Lancashire 203 for 6 (Prince 63*, Adams 4-77) v Nottinghamshire
It is reasonable to assume that Lancashire wouldn't mind coming up against Nottinghamshire when Andre Adams wasn't available once in a while. His maturing years have been his best and he has turned into a bowler few batsmen relish facing but in Lancashire's case the description is particularly accurate. In the last five innings they have come up against him he has taken 24 wickets, and more may follow in this one.
It was Adams who temporarily interrupted their progress towards the title last summer, taking a match haul of 10 for 152 as Nottinghamshire won by 129 runs at Southport in July.
And it was Adams, claiming 7 for 32 and 3 for 18, who extended Lancashire's poor start to their title defence as the architect of a third defeat in their opening five matches at Old Trafford last month.
Time will tell whether his contribution this time is similarly decisive. What is beyond argument is that, on a day when he was expensive by his own frugal standards, he denied Lancashire a good few more runs with four more wickets, ending at least three threatening innings.
He might have ended another one, too, had a routine slip catch offered by Ashwell Prince not been put down. Prince, 63 not out when rain forced a premature end to the day, was on 51 when Alex Hales dropped him at first slip.
In consequence of the successes Adams did achieve, though, Lancashire are probably less well off than they might have been after Nottinghamshire decided they would rather bat second. There was some extravagant swing at times in conditions that were humid at first but the pitch is essentially sound.
It looked that way, certainly, when Lancashire rattled through the first hour at four an over. Paul Horton, who made 99 in the first innings in the corresponding fixture last season, was an early victim for Andy Carter, edging to second slip as he pushed at a ball outside off stump. But the next seven overs or so realised 53 runs.
Stephen Moore was dropped at second slip on eight, but Karl Brown tucked into Adams in particular with gusto, reeling off a series of boundaries, hitting two in two balls in both his second and third overs as Adams struggled for a containing line.

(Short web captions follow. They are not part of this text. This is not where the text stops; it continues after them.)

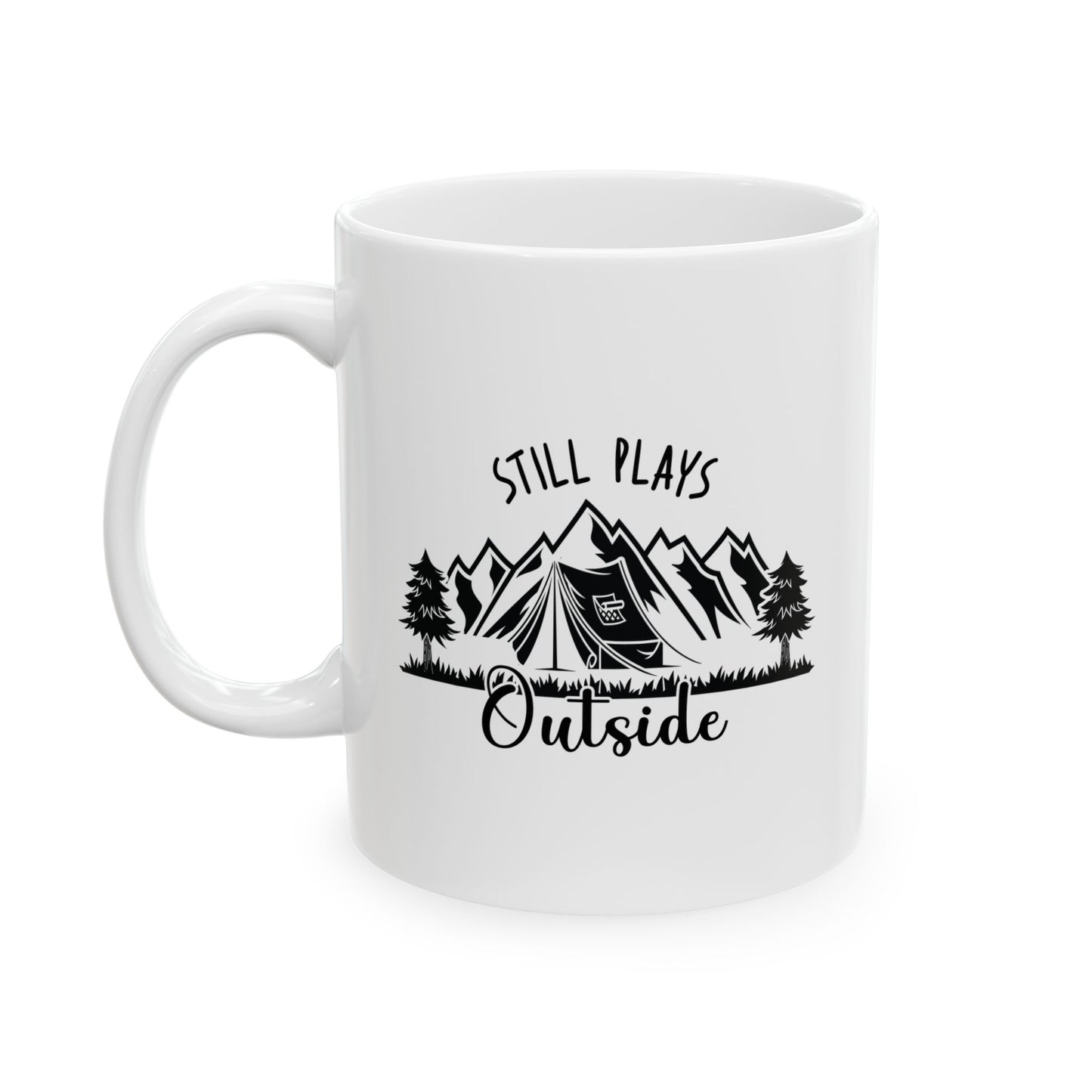 Still Plays Outside Ceramic Mug, (11oz, 15oz)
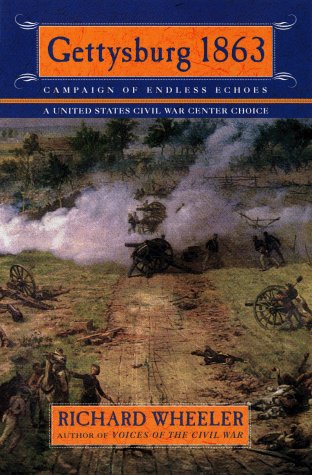 Gettysburg 1863: Campaign of Endless Echoes (9780452281394) by Wheeler, Richard S.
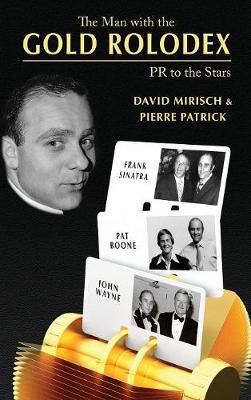 The Man with the Gold Rolodex (Hardback) (Hardback)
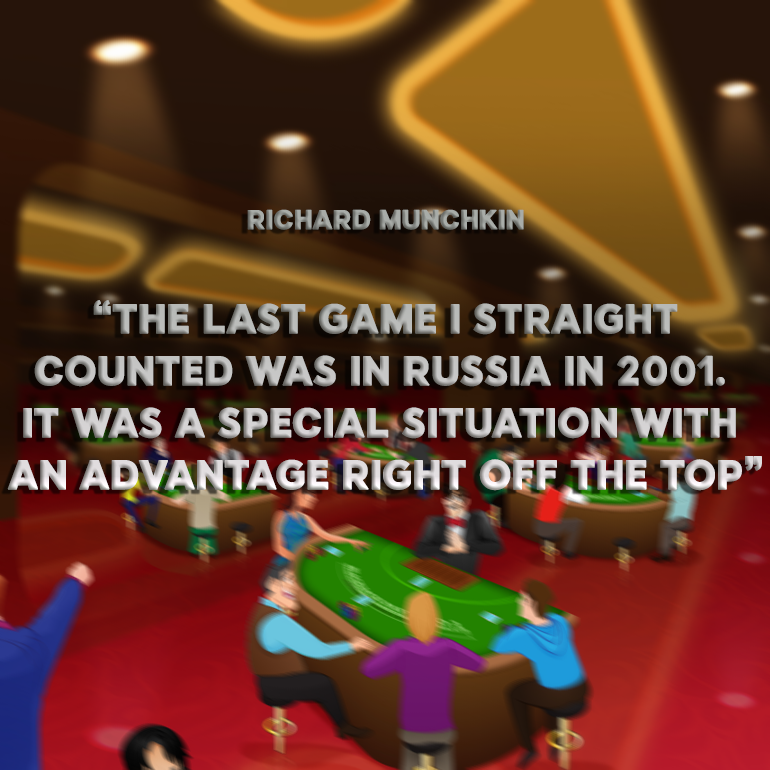 Richard Munchkin on when he was counting cards in the last time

It was an emphatic start by Brown, who went one better by dispatching the first three balls of Adams's fourth over to the fence. But there are few cannier bowlers. Sensing Brown would not be able to resist, Adams gave the next delivery a little more width outside off stump. Brown drove at it, but the stretch was just too much and the ball flew hard off the edge to be caught, quite superbly, by Samit Patel, one-handed, diving to his right at third slip
Moore fell shortly afterwards, Adams again the successful bowler, although this was a wicket for which he did not have to work nearly so hard, the opener shaping to leave but deflecting the ball on to his stumps as it swung into him. Adams' eyes generally light up when he sees Moore. In six first-class matches since April 2009, he has dismissed him seven times.
Lancashire fought back again, Prince and Steven Croft adding 60 either side of lunch. But they lost Croft to another self-inflicted wound when he failed to deal decisively with a shortish ball from Carter that took the glove and looped in a gentle arc to Chris Read behind the stumps.
There followed a spell in which the Adams outswinger beat the bat time and again. Prince had his escape but Luke Procter was not so lucky, fishing for the ball several times before edging one for Patel to claim his second catch.
Gareth Cross adopted the same policy as Brown, attacking the bowling with intent. He took four boundaries in quick time off Adams, who is not normally treated with such abandon and rarely offers the opportunity. Again though, he had the last word. Hit through midwicket as the Lancashire wicketkeeper claimed his sixth boundary, he posted James Taylor at deep square leg, dropped the ball in short enough to pull and obtained the desired result.